In England, investment is being made in 260,000 childcare places for 40 per cent of two-year-olds from the most disadvantaged backgrounds. That entitlement to 15 hours a week of free early education represents a £380 million commitment by the UK Government. In Wales, the flying start programme is making similar headway. Those programmes offer examples of where lessons could be learned and of approaches that could be adopted here. Sadly, when the SNP casts its eyes south, it is invariably to condemn, as its amendment does this morning.

I recognise that concerns have been expressed by Malcolm Chisholm, in Neil Bibby’s amendment and elsewhere about the impact that changes to the childcare element of working tax credit might have on low-income families. That should be kept under review, but it is clear that the changes that are being introduced under universal credits will see 80,000 families in the UK, including many in Scotland, receiving more support with childcare. The removal of the requirement that recipients work a minimum of 16 hours per week, as well as the £300 million investment, will be welcomed.

Children in Scotland and the Daycare Trust have provided invaluable insight into the challenges that we face in ensuring that access to affordable high-quality childcare in this country matches the best in Europe. In addition, their report identifies a number of areas in which we lag behind the rest of the UK. That may offend nationalist sensibilities to such an extent that the Scottish Government cannot bring itself to express concern about the report’s findings, but I hope that, in working through the early years task force, SNP ministers will be prepared to learn lessons from what is happening elsewhere in the UK, and that we will start to see the more joined-up approach to education and care that parents, children and those who are involved in the sectors wish to see.

I move,

That the Parliament recognises that access to affordable, high-quality childcare supports children’s learning and development and enables parents to return to, or remain in, work; notes with concern the recent report, The Scottish Childcare Lottery, which found that there are very significant gaps in the availability of childcare in Scotland, childcare costs are among the highest in Britain and that there is greater geographic variation in childcare costs in Scotland than in any other part of the UK; believes that, while some local authorities have worked hard to ensure sufficient childcare in their areas, much more work is needed from the Scottish Government and local authorities to ensure that families have access to affordable, integrated pre-school and childcare services in every community matched to an assessment of local demand, as is required by the Early Years Framework; is also concerned that Scotland is lagging behind England on entitlement to free pre-school education, and calls on the Scottish Government to respond to the concerns about availability and costs raised in The Scottish Childcare Lottery report, to ensure that the objectives of the Early Years Framework are met and to set out the steps that it will take to increase childcare support in Scotland in order to match the best elsewhere in Europe.

09:25


The Minister for Children and Young People (Aileen Campbell): I am proud to open the debate for the Government, because it comes after the First Minister’s hugely important announcement on childcare at the weekend.
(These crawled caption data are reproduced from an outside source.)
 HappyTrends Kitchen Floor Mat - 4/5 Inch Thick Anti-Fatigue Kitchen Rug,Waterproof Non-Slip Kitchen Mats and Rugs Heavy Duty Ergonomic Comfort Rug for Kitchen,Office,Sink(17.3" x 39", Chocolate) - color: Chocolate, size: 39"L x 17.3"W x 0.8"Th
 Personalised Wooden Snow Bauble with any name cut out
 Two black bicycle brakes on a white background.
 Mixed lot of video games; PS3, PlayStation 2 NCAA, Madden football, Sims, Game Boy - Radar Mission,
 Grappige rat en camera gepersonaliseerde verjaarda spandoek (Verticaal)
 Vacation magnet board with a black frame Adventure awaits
The children’s bill that will be introduced to Parliament next year will contain a statutory guarantee on provision of more than 600 hours of funded early learning and childcare for every three and four-year-old and for every looked-after two-year-old in our land. Make no mistake—that is a highly significant step. It represents the best package of free early learning and childcare anywhere in the UK. As the Minister for Children and Young People, it is for me an honour to demonstrate this Government’s firm commitment to our nation’s future. It represents another step forward in our aim of making Scotland the best place for children and young people to grow up in.
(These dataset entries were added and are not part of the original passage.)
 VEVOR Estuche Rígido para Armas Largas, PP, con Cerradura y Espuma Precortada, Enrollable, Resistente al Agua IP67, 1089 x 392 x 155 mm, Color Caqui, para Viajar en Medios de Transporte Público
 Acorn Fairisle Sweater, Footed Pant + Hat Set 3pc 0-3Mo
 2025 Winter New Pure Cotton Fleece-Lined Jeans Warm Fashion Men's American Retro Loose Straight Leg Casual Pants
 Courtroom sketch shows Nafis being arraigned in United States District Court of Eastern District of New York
The early years are a key priority for this Government. We know that, for parents and carers who are juggling work and parenthood, the availability of high-quality, flexible and affordable early learning and childcare is vital, and is essential to improving the life chances of Scotland’s children.
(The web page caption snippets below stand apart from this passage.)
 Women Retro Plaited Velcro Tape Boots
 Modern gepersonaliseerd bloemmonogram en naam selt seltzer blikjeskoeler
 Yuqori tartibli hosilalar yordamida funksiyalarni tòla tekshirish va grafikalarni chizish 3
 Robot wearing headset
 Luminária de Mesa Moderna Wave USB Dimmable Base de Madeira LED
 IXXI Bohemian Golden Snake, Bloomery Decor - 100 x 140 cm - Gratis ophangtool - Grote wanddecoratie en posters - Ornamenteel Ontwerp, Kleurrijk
Gavin Brown (Lothian) (Con): Given the commitments that were made in 2007, and to which Mr McArthur referred, why has it taken so long to get to this stage? When will the Government’s package be implemented?


Aileen Campbell: We are committed to making improvements to the life chances of children across Scotland and to introducing potential legislation next year. We will work with local government to ensure that all people across the country get the level of provision that we aspire to provide.

The fact that more than 600 hours of funded early learning and childcare will be provided is great news in itself, but the First Minister’s announcement was about more than hours and numbers. Key to our ambition of implementing a transformational change in Scotland’s delivery of early learning and childcare is flexibility. We want to ensure that provision can be accessed in ways that meet the needs of parents and families. We are heading on an ambitious and bold journey, and local government and other partners will have important parts to play as we work together to deliver our vision for high-quality, flexible and affordable childcare across the nation.

In addition to the offer of extended early learning and childcare provision, we will work with the early years task force and we will use its wisdom and expert knowledge to build a clear picture of current provision and to identify any gaps. I am happy to confirm that we will go further: in June 2012, we will convene a national business summit to explore new ways, including the promotion of childcare vouchers, of incentivising and encouraging more flexible working in the private sector to make it easier for parents with young children. We will develop a series of public-social partnerships, or PSPs, which will cover a range of specific childcare issues on which I believe more action is required. Those issues include parents who are on low incomes and/or in poverty; parents and carers who work shifts; out-of-school care, including holiday clubs; families who live in rural areas; and outdoor and nature kindergartens. PSPs represent a partnership approach to service development once an issue, such as childcare for shift workers, has been identified. PSPs will give all partners an opportunity to test new services and to evaluate them before tendering for delivery. The Scottish Government is promoting the PSP approach through the sector generally and we will, in the coming weeks, discuss with our local partners the best way to progress PSPs. I am sure that that approach will bring huge benefits to design and planning of local childcare provision in the specific areas that I have mentioned.

The Daycare Trust and Children in Scotland report “The Scottish Childcare Lottery” has made a significant contribution to the childcare debate. Although the report highlights that costs in Scotland are high, I emphasise that they are not the highest in the UK and that, in many cases, increases in costs in Scotland have been smaller than those south of the border. I also acknowledge the report’s raising of issues to do with the sufficiency of childcare and variation in costs across Scotland. I will ensure that those issues are investigated by our early years task force and local partners.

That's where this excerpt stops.